## PROBLEM STATEMENT
Each line below from the one containing "Building Photo - 516 E Hazelwood St" through the one containing "Jardinera vertical en perfecto estado" is to be given again exactly, and no line outside that span.

## MATERIAL FOR THIS TASK
══════════════════════════════

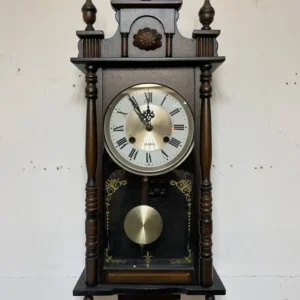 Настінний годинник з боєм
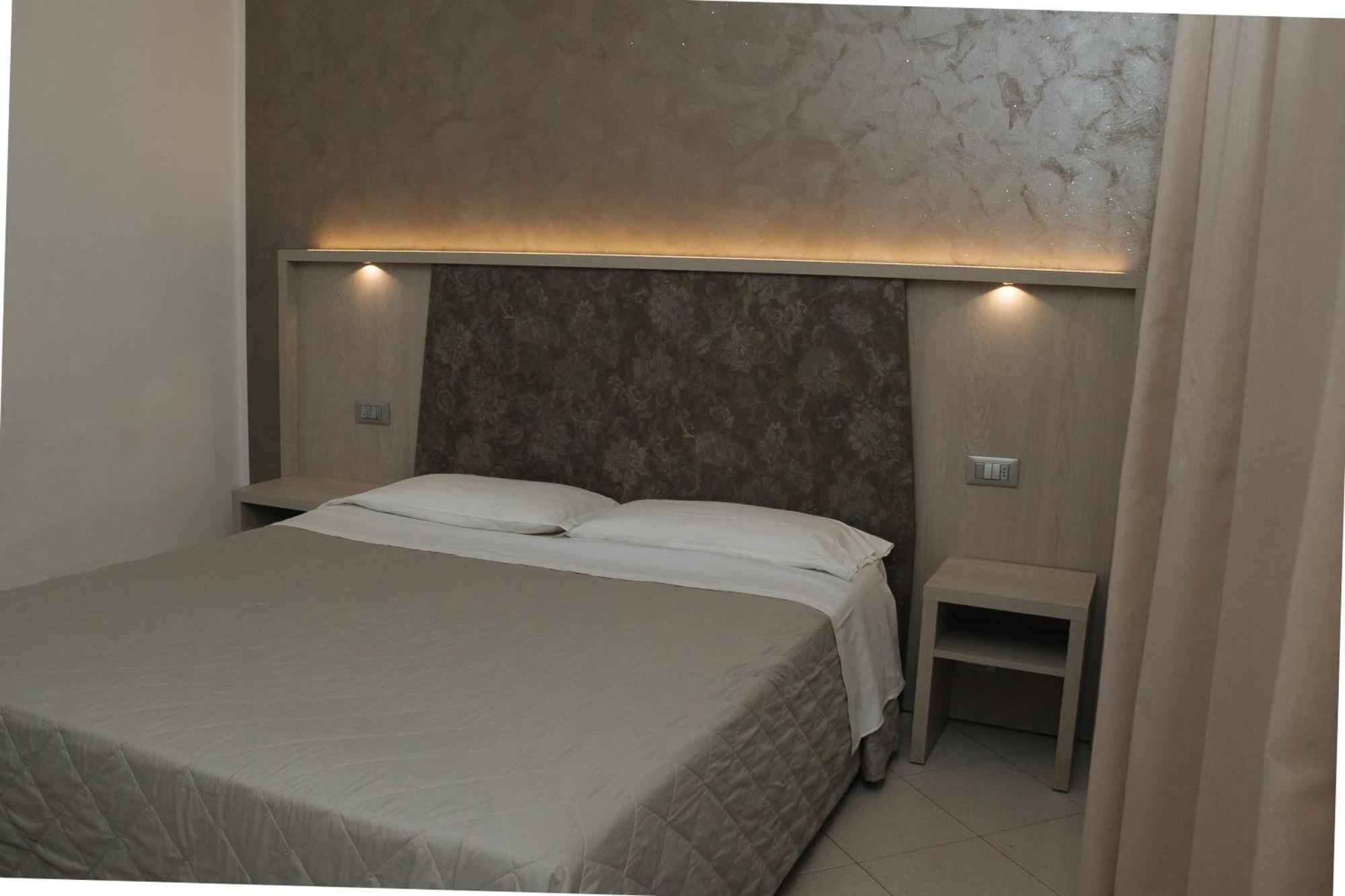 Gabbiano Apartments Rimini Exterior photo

══════════════════════════════

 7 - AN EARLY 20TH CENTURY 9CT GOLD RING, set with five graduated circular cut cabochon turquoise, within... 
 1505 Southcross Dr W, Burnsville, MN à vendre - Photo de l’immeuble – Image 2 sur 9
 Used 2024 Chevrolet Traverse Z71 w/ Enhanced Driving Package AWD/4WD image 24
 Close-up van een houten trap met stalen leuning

══════════════════════════════

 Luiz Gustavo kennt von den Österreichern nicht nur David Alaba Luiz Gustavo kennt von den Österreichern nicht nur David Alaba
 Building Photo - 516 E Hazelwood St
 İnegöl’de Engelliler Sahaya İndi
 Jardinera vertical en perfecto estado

══════════════════════════════

## YOUR SOLUTION
 Building Photo - 516 E Hazelwood St
 İnegöl’de Engelliler Sahaya İndi
 Jardinera vertical en perfecto estado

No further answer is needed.